MONA HATOUM (LEBANON)
War broke out in her native Lebanon while Mona Hatoum was visiting London in her early twenties. She remained there in exile for the rest of her student years. As a result, her work deals with themes of alienation, displacement, belonging and collective memory.

MOYRA DAVEY (CANADA)
Moyra Davey's current show's title, Ornament and Rebuke, comes from a gravestone inscription in a London churchyard she photographed. The deceased was "confessedly the ornament and at the same time the tacit reproach of a wicked age." Davey herself is a rebuke to our age.

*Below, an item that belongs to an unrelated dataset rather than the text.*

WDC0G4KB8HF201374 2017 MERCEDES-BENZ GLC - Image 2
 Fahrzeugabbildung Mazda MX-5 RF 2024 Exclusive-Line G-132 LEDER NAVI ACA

On a newspaper clipping reading, "I think the clever people are those who do" she has written, "as little as possible." Faced with the frenetic pace of this century, Davey slows down time, meditating on single moments, turning them over in her mind, drawing out their melancholy mystery.

In a suite of photographs of a Parisian cemetery, a blurred woman crosses an allée of ghostly trees. We glimpse her, but never really see her, as if she were a phantom or memory. Fragmentary images hint at a momentous yet elusive encounter in this foreign cemetery. Nothing about it is certain, as in reminiscence or dreams. If Moyra Davey's work is an ornament, it is like tinsel, a brilliant wisp of paper reflecting and hinting at what is precious.

SARAH JONES (ENGLAND)
Sarah Jones likes to photograph shades of blue, which, in the Renaissance, represented the sublime or distance. From Beckett she learned to strip away all that is not essential. From Rothko she learned to limit her palette and settle on a single formal structure. She says, "I was remembering, as a child, seeing how long I could hold my breath for, and in a sense that's both to freeze the world and also perhaps to freeze yourself within the world. I think that's what I do with my photographs."